Оставаясь в общем ряду регионоведческих школ, латиноамериканистика обладает рядом несомненных особенностей. Их необходимо учитывать сегодня при изучении реакции латиноамериканских экономик и обществ на ключевые глобальные процессы, а также при оценке способности регионоведческой школы вносить лепту в обобщение мирового опыта. Итак, к чему можно свести ее специфику? ЛКА, во-первых, уникальна тем, что имеет парадоксальное сочетание несомненной цивилизационной общности и широкого диапазона национальных ситуаций, демонстрирующих разность исходных матриц. Общность отмечена беспрецедентным лингвистическим родством, преобладающей конфессиональной принадлежностью, весомым и часто определяющим присутствием иберийского компонента в национальной культуре. Наконец, повсеместно сказывается сходство исторических судеб стран ЛКА. Национальная государственность стала, как правило, результатом первой волны деколонизации в латиноамериканской части региона и результатом третьей в случае карибских государств33.
Налицо беспримерное родство, с которым может соперничать лишь арабский ареал. Но он заметно меньше по суммарному населению и занимаемому пространству. Другое обстоятельство – в арабском ареале обнаруживается и воспроизводится цивилизационная преемственность даже при продолжительной колониальной летаргии. В латиноамериканском регионе ход истории определяется сломом преемственности, трансплантацией и укоренением метропольных тканей, а затем адаптацией либо гибридизацией общественно-экономических структур.
Не меньше впечатляют различия стран ЛКА: по степени экономической развитости, по стратификации социума, по композиции этнорасового состава, по качеству природной среды и ресурсной обеспеченности, по устойчивости системообразующих общественных институтов.

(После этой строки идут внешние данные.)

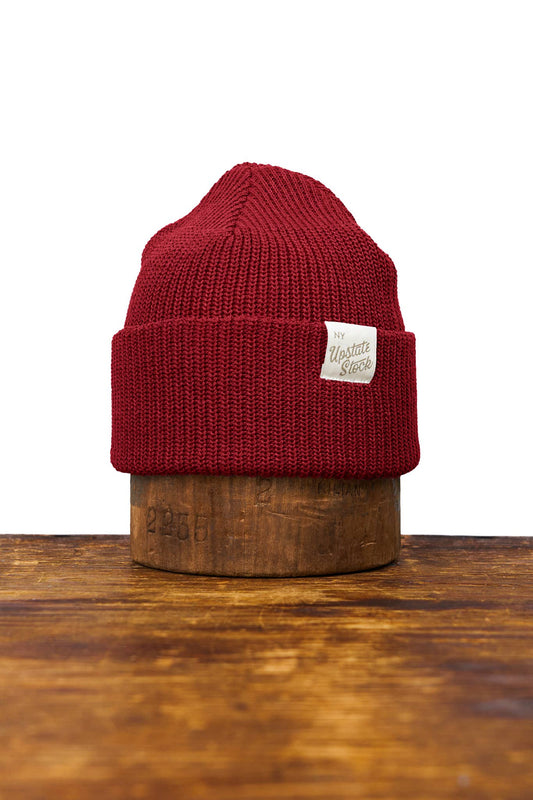 Upstate Stock - Pomegranate Upcycled Cotton Watchcap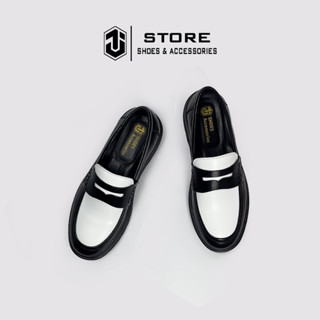 Giày Penny Loafer Da Cao Cấp , đế khâu 100% tăng chiều cao 4 đến 5 cm , Giày Lười Sơn Tùng Hot Trend ( da bò nguyên tấm)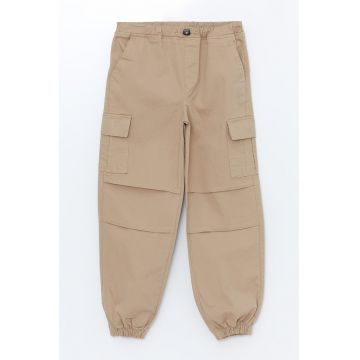 Pantaloni cargo cu terminatie elastica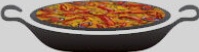 Verano Spanish Ceramics Enamelled Steel Paella Pan W/Handles - 34Cm, Black 234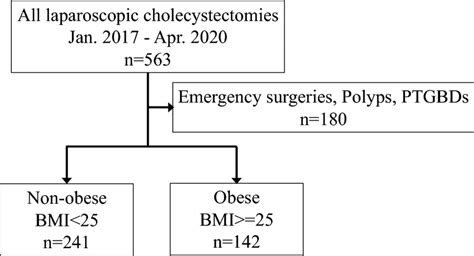 Flow Chart Of This Study BMI Body Mass Index PTGBD Percutaneous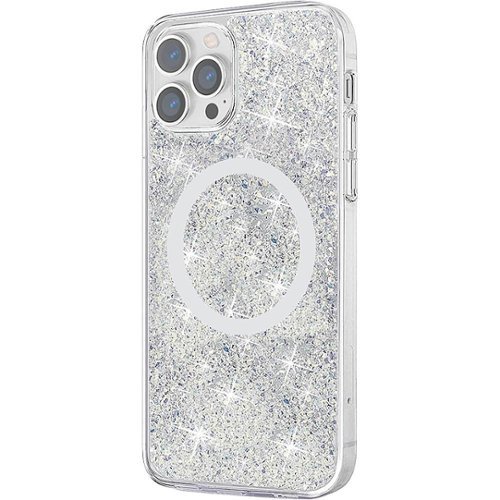 SaharaCase - Sparkle Case with MagSafe for Apple iPhone 13 Pro - Clear/Silver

Существующие различия в экономике можно проиллюстрировать красноречивым обстоятельством. Измеряя различия показателем ВВП на душу населения, мы легко обнаруживаем, что дистанция, отделяющая наиболее развитые страны региона от верхнего эшелона западного мира, меньше той, которая отделяет наиболее развитые страны ЛКА от наименее развитых соседей. Согласно пересчету ИМЭМО на эквивалент ППС в первом случае фиксируется двухкратный разрыв. Во втором случае мы видим максимум десятикратный и минимум пятикратный разрыв34. И, судя по статистике последних десятилетий, отмеченный разрыв имеет тенденцию к увеличению. Проиллюстрируем самоочевидными сравнениями. Думаю, наш читатель способен почувствовать разницу между квазиевропейской Аргентиной и квазиафриканской Гаити. Или, опять же, между квазиевропейским Уругваем и преимущественно индейской Гватемалой.
Третья ключевая особенность: ЛКА, возможно, в наибольшей мере выполняла и выполняет роль «экспериментальной лаборатории» мироисторического процесса. Здесь синхронно представлены практически все модальности, все ступени социально-экономического развития. Диапазон максимально возможный: от присваивающей первобытной общины до финансовой группы с высокой концентрацией активов и передовой цифровизацией бизнеса. Наряду с этим здесь представлен очаг консервативного социализма (Куба), а в ряде государств до недавней поры находили почву эксперименты в духе «социализма XXI века».
Сегодня, на исходе «деидеологизированного времени» остается соблазн свести мотивы создания академического центра латиноамериканистики к геополитическим побуждениям. Думаю, причины явно многограннее. К началу 60-х годов в советском социуме созрел соответствующий общественный запрос. Получена критическая масса первичных представлений о далеком континенте, пробуждавшая позновательный интерес. Впечатляет символическое совпадение – переход Кубы, ведомой антидиктаторской, антиимпериалистической революцией, в лагерь «реального социализма», с одной стороны, и – с другой – полет Гагарина. Он прямо возвестил миру о выходе на международную арену технологической мощи альтернативного центра, а косвенно – о претензиях советской державы на политику глобального уровня.